Data for the task.

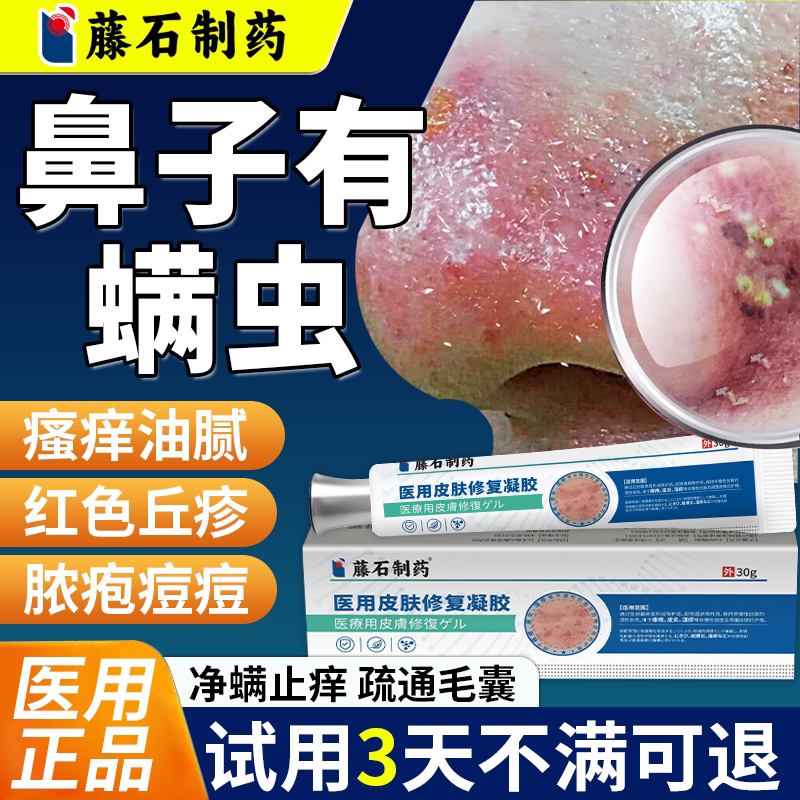 鼻子螨虫痒止痒搭药膏脸部上除螨祛痘黑头粉刺搭酒糟鼻玫瑰痤疮QN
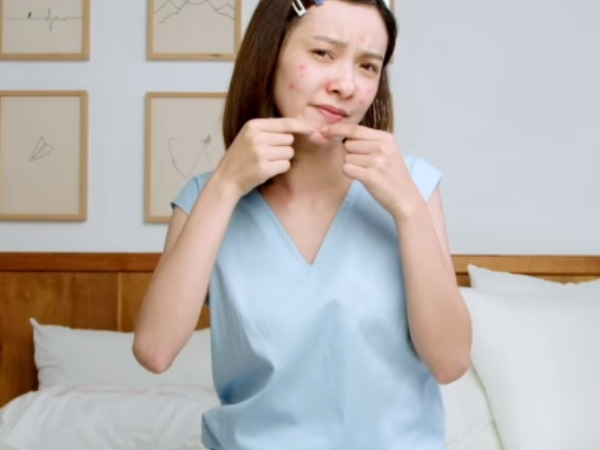 痘痘、粉刺這樣做反而會更嚴重？不用慌！潮模李柔的私房解法大公開，原來有它們就行了！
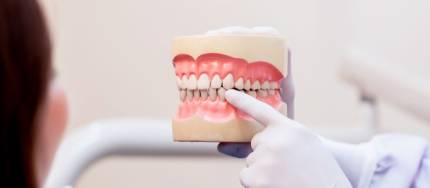 Benefits of Dental Implants for Seniors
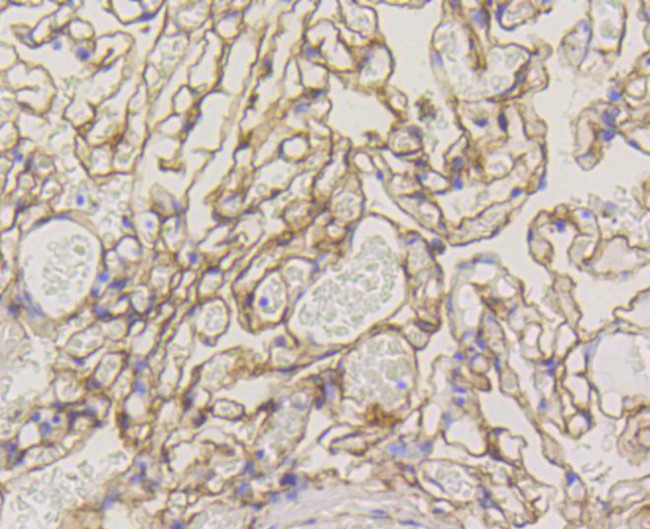 Caveolin 1 Antibody in Immunohistochemistry (Paraffin) (IHC (P))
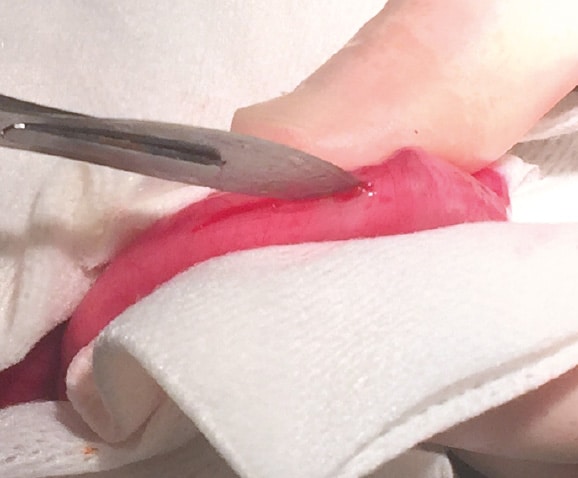 Traitement par chirurgie d'une occlusion intestinale du chat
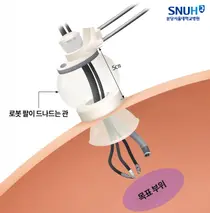 몸속 좁아 어려운 ‘소아 단일공 로봇수술’, 국내 최초 다기관 연구로 안전성 확인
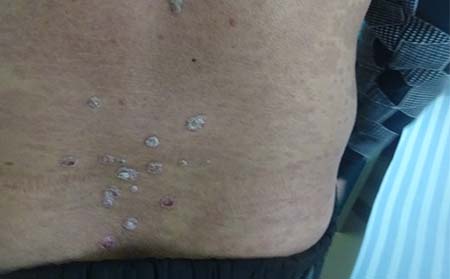 临沂市银屑病治疗的价格哪类人容易得牛皮癣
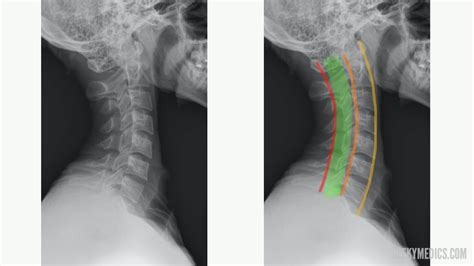 Cervical Spine X Ray Interpretation Osce Guide Geeky Medics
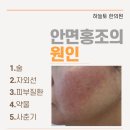 동서통합한의원 | 용인안면홍조 한방관리로 편안하게 가꾸는 피부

Task details. Write out only the lines from the line containing "Traitement par chirurgie" through the end of the material above, both end lines included. Pictures are not written out.

Task solution.
 Traitement par chirurgie d'une occlusion intestinale du chat
 몸속 좁아 어려운 ‘소아 단일공 로봇수술’, 국내 최초 다기관 연구로 안전성 확인
 临沂市银屑病治疗的价格哪类人容易得牛皮癣
 Cervical Spine X Ray Interpretation Osce Guide Geeky Medics
 동서통합한의원 | 용인안면홍조 한방관리로 편안하게 가꾸는 피부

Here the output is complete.